When you reach the line containing "Iphone 12Mini (5.4" in the data below, begin returning lines exactly as written, and stop once the line containing "Sener Aeroespacial y" has been returned.

Web page caption snippets
· · · · ·

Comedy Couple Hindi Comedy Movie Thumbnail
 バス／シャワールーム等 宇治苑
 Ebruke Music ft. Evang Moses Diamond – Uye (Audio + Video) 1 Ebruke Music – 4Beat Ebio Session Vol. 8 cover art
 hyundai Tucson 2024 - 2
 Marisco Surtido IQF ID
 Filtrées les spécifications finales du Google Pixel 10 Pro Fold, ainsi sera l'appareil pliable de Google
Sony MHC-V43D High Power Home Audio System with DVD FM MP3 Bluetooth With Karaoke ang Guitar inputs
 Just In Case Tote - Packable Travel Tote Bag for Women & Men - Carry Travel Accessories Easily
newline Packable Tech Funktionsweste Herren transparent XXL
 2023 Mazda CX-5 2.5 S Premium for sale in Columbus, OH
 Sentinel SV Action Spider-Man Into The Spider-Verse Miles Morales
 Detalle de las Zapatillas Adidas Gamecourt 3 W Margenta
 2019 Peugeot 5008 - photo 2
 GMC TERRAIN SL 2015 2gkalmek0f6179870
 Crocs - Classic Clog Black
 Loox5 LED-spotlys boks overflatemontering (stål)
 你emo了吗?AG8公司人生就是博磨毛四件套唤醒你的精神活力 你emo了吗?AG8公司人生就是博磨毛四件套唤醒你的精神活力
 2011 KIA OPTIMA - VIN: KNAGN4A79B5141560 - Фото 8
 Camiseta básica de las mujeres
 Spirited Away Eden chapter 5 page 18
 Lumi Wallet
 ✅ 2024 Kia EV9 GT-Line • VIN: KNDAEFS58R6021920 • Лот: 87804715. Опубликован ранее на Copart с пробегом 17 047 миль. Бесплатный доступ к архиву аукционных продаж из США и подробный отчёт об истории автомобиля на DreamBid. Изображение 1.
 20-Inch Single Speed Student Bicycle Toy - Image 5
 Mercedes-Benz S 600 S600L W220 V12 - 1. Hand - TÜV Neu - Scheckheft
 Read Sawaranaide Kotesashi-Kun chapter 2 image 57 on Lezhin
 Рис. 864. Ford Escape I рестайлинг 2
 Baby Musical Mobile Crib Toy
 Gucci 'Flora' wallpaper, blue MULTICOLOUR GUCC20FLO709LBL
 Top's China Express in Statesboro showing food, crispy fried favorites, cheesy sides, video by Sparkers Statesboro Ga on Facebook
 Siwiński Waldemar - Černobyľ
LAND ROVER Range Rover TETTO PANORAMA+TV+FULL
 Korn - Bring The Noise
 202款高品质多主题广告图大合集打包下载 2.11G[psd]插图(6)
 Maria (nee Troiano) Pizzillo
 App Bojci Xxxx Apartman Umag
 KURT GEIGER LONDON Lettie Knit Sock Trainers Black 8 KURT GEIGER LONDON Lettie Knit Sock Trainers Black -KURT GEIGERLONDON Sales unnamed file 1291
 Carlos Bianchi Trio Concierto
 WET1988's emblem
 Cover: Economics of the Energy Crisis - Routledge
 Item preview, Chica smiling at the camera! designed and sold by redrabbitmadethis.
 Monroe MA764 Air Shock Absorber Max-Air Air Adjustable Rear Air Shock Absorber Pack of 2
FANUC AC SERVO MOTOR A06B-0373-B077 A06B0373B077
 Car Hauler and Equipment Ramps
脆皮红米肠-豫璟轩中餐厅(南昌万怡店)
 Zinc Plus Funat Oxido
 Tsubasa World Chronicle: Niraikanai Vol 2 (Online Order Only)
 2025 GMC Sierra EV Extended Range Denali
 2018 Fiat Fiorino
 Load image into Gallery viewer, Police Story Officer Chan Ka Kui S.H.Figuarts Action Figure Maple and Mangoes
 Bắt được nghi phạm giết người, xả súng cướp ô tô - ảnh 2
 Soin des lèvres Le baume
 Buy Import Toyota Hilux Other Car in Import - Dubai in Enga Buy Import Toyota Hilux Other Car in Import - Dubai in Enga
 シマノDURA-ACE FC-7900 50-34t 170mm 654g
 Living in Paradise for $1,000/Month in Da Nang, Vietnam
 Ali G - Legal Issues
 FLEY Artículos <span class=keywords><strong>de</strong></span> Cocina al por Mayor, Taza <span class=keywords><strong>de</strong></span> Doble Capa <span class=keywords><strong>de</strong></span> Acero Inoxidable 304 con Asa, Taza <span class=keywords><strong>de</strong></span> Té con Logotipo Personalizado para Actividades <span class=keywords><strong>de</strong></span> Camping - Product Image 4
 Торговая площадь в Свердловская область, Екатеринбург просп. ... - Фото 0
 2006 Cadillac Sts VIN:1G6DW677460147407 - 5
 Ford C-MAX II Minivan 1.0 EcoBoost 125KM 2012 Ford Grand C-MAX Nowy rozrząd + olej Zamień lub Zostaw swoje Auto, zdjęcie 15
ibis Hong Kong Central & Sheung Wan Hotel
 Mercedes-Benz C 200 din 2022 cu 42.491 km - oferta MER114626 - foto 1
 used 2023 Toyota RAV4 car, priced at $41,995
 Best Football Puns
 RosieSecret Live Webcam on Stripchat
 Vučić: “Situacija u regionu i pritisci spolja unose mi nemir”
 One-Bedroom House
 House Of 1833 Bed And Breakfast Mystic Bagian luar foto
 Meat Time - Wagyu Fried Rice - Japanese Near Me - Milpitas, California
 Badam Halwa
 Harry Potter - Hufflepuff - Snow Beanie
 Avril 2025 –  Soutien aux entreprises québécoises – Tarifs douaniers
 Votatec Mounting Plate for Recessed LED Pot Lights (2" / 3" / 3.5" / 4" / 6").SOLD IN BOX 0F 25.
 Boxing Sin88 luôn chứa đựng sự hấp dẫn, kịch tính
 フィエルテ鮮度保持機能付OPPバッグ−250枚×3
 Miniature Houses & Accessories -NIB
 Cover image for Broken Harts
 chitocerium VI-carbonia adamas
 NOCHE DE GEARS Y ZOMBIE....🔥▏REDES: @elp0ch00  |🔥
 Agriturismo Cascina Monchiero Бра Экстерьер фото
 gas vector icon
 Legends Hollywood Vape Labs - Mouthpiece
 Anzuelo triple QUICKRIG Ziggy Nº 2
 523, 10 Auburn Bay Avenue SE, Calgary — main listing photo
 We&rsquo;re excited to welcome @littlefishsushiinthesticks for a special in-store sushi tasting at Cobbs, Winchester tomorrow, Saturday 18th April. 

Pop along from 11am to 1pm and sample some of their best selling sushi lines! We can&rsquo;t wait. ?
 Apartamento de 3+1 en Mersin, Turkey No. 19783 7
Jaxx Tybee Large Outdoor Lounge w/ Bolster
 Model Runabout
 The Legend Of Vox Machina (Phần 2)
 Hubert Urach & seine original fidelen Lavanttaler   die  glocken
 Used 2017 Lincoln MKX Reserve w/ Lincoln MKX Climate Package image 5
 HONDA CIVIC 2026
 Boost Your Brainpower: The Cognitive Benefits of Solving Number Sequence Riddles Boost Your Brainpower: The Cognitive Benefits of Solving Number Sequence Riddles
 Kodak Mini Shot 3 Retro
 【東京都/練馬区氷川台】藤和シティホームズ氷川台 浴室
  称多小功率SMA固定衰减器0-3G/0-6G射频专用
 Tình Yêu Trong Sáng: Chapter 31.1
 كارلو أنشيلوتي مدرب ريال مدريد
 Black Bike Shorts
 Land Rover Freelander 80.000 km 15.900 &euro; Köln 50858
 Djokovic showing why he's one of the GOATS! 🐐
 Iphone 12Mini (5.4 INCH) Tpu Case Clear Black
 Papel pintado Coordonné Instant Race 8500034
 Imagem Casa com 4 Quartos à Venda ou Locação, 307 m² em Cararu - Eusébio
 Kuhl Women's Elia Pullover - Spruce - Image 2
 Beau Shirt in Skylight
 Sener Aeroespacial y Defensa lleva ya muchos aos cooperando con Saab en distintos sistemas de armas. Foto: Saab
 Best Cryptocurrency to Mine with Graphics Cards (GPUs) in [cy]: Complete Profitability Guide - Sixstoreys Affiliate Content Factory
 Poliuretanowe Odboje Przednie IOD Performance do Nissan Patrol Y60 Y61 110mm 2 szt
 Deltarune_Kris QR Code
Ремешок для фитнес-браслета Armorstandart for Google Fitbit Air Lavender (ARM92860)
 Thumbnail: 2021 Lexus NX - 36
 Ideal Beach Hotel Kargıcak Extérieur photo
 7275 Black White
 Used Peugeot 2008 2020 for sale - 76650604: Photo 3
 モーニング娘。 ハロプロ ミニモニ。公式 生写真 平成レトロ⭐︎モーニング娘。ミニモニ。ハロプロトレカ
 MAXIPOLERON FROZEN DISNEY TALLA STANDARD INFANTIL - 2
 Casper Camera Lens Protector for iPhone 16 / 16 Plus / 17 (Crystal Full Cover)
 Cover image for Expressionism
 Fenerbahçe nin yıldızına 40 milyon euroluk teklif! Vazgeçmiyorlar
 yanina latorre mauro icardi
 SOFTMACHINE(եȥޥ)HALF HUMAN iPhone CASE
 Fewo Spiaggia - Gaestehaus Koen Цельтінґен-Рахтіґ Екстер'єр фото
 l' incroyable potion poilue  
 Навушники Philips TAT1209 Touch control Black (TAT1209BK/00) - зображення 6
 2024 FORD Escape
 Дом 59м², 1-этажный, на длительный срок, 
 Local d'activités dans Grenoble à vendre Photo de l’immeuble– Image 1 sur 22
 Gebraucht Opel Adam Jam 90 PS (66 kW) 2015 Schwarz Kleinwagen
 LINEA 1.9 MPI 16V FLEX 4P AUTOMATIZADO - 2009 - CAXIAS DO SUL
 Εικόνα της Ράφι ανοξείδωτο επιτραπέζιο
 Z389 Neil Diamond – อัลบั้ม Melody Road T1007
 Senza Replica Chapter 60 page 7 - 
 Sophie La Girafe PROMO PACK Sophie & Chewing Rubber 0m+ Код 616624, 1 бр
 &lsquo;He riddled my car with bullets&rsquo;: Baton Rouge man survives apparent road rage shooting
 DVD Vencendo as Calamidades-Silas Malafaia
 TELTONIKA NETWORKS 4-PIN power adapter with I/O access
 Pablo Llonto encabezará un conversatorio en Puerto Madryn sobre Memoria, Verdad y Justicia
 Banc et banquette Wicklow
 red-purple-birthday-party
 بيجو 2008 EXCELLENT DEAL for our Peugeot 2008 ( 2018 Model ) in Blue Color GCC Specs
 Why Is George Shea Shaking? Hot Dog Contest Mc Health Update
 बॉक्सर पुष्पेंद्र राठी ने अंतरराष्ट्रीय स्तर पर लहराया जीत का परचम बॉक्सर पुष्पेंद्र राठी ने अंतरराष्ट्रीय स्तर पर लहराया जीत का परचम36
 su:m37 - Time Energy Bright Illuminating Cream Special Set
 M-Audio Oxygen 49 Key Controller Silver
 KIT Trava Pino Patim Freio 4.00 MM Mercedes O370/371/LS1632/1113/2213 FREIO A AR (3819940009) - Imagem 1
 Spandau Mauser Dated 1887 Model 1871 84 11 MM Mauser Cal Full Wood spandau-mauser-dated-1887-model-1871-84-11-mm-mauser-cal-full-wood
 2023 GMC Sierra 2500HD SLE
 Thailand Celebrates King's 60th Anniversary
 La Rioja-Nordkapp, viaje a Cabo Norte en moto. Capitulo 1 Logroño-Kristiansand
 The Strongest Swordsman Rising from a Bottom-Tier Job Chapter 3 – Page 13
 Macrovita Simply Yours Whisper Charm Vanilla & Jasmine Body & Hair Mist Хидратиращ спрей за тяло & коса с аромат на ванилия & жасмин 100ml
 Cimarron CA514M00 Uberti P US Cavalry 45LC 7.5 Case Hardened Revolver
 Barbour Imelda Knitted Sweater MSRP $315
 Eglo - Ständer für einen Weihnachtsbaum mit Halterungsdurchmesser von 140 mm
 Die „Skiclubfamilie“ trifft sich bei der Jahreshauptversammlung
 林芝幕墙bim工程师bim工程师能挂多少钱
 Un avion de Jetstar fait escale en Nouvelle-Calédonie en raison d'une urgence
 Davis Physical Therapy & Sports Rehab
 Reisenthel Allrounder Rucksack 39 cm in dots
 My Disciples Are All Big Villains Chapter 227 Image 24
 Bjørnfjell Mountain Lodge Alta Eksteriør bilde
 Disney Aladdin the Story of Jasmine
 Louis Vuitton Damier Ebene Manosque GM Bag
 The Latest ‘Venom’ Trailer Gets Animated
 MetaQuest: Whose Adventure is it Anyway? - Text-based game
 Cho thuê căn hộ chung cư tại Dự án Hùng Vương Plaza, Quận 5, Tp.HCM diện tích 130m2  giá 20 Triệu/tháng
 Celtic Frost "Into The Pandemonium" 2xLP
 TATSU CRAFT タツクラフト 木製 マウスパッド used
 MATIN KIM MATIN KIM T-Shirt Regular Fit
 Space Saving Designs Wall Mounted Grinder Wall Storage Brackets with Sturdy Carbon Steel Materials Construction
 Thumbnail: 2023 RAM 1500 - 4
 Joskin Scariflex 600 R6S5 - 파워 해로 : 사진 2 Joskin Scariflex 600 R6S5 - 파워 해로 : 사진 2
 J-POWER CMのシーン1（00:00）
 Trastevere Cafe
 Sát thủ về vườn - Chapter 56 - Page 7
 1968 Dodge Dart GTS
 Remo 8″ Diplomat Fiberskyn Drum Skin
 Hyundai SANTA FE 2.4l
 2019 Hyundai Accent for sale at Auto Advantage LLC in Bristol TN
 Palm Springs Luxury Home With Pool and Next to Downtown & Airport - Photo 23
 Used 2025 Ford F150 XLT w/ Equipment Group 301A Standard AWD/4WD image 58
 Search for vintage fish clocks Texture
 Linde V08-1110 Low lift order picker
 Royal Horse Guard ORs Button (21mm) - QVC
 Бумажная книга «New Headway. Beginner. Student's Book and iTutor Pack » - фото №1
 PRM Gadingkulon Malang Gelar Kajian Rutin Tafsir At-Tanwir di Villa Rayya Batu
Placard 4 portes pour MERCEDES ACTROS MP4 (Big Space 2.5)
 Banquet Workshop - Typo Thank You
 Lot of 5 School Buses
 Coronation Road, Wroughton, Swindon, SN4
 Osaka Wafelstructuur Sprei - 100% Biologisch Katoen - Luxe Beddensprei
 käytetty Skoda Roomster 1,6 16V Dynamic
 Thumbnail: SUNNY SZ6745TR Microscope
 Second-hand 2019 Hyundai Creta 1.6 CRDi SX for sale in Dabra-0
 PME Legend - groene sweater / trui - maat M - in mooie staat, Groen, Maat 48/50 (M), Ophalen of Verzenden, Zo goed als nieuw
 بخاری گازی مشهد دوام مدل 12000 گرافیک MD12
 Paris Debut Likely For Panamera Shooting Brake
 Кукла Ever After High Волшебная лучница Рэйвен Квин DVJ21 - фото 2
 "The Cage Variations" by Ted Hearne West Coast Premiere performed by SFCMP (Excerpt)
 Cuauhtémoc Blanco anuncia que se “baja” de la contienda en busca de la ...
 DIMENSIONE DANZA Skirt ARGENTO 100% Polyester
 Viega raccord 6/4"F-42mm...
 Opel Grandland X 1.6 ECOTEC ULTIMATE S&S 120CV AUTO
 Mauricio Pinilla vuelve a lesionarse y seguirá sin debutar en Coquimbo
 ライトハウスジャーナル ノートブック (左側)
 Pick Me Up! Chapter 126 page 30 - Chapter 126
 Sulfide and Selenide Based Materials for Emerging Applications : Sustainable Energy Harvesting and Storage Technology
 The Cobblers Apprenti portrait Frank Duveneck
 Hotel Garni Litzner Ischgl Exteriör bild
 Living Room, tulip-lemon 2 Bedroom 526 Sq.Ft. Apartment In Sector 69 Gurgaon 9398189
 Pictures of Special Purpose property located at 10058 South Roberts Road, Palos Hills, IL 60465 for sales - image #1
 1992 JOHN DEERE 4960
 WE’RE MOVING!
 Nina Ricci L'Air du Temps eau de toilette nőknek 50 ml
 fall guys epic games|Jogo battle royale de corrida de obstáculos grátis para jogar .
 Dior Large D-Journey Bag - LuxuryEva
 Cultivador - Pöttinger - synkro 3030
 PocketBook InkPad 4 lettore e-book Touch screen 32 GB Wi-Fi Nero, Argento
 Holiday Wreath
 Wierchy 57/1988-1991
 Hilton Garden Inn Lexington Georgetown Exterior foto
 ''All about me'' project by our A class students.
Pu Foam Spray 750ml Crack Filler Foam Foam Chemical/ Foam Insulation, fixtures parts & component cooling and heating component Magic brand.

· · · · ·

PROBLEM SOLUTION |
 Iphone 12Mini (5.4 INCH) Tpu Case Clear Black
 Papel pintado Coordonné Instant Race 8500034
 Imagem Casa com 4 Quartos à Venda ou Locação, 307 m² em Cararu - Eusébio
 Kuhl Women's Elia Pullover - Spruce - Image 2
 Beau Shirt in Skylight
 Sener Aeroespacial y Defensa lleva ya muchos aos cooperando con Saab en distintos sistemas de armas. Foto: Saab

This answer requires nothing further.